(Beginning of Available data)

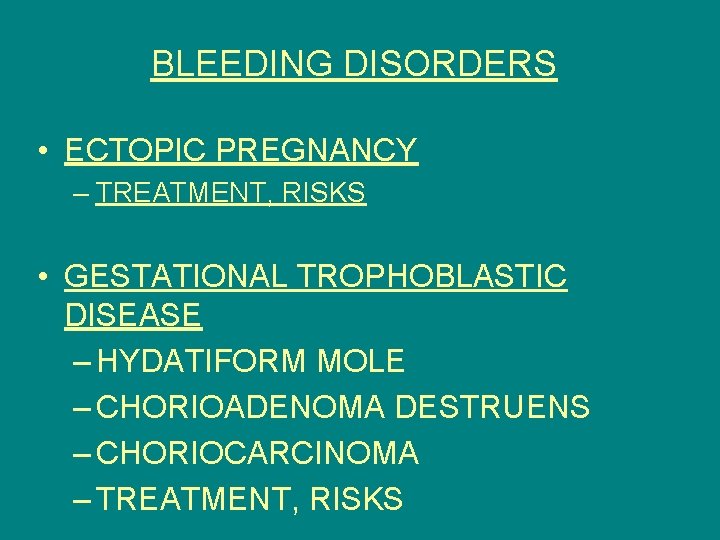 BLEEDING DISORDERS • ECTOPIC PREGNANCY – TREATMENT, RISKS • GESTATIONAL TROPHOBLASTIC DISEASE – HYDATIFORM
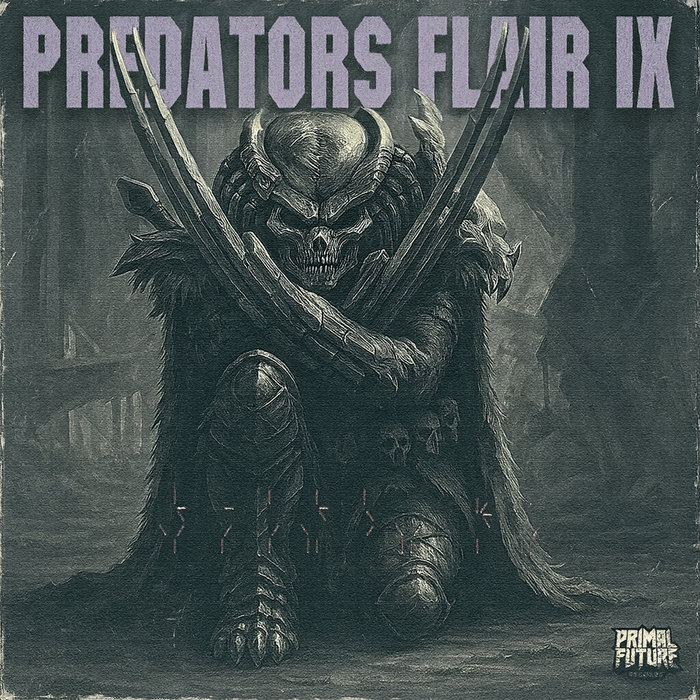 Various Artists - Predators Flair IX | Primal Future Records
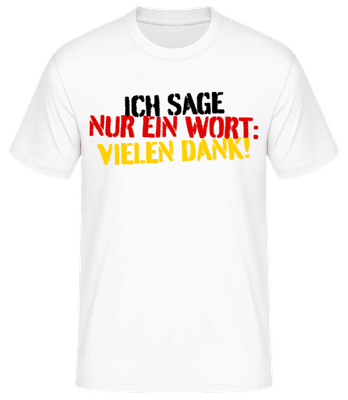 Ich Sage Nur Ein Wort Vielen Dank - Männer Basic T-Shirt - Weiß - Vorne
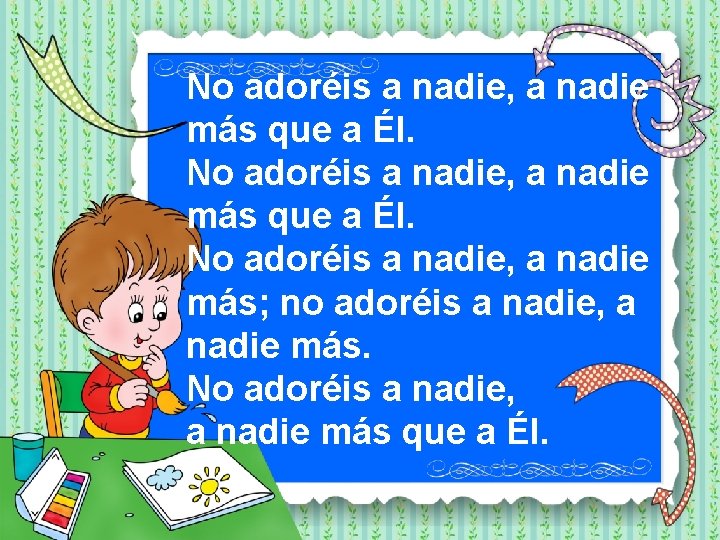 No adoréis a nadie, a nadie más que a Él. No adoréis a nadie,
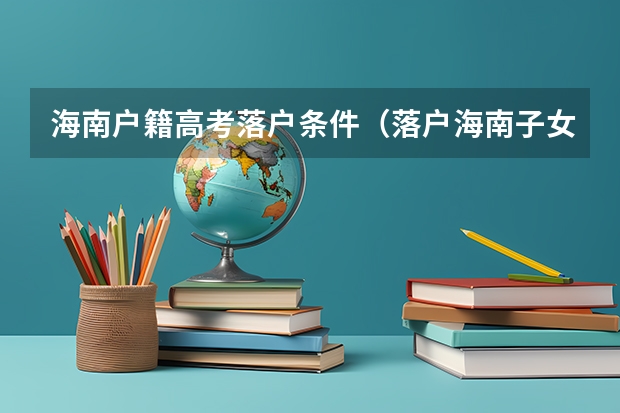 海南户籍高考落户条件（落户海南子女高考政策）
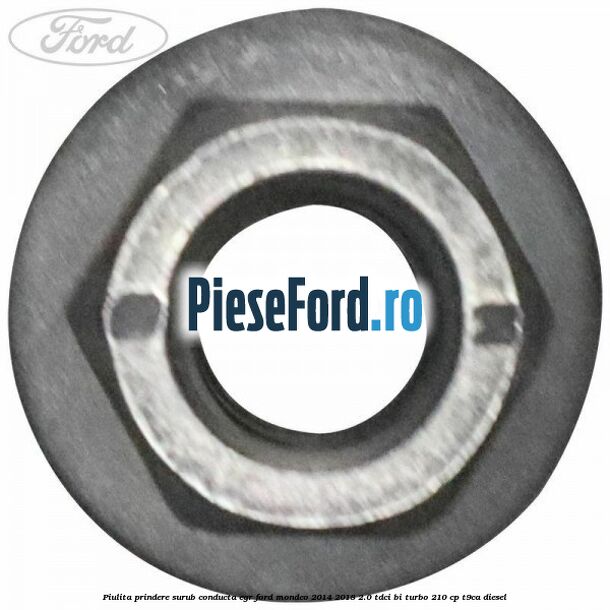 Piulita prindere surub conducta EGR Ford Mondeo 2014-2018 2.0 TDCi Bi-Turbo 210 cp T9CA diesel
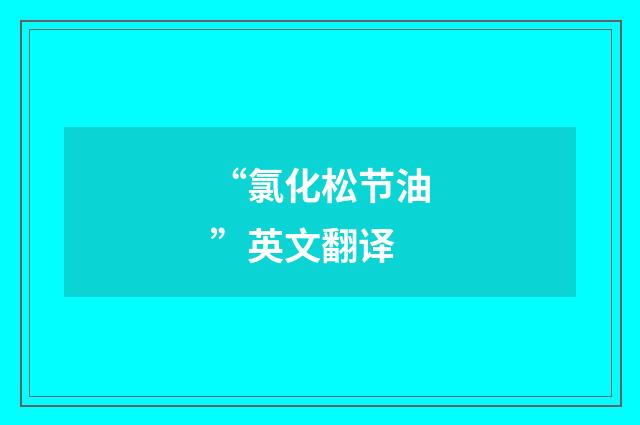 “氯化松节油”英文翻译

(End of Available data)

### Task to complete
Omit the pictures. Transcribe every record exactly.

### Written response
 BLEEDING DISORDERS • ECTOPIC PREGNANCY – TREATMENT, RISKS • GESTATIONAL TROPHOBLASTIC DISEASE – HYDATIFORM
 Various Artists - Predators Flair IX | Primal Future Records
 Ich Sage Nur Ein Wort Vielen Dank - Männer Basic T-Shirt - Weiß - Vorne
 No adoréis a nadie, a nadie más que a Él. No adoréis a nadie,
 海南户籍高考落户条件（落户海南子女高考政策）
 Piulita prindere surub conducta EGR Ford Mondeo 2014-2018 2.0 TDCi Bi-Turbo 210 cp T9CA diesel
 “氯化松节油”英文翻译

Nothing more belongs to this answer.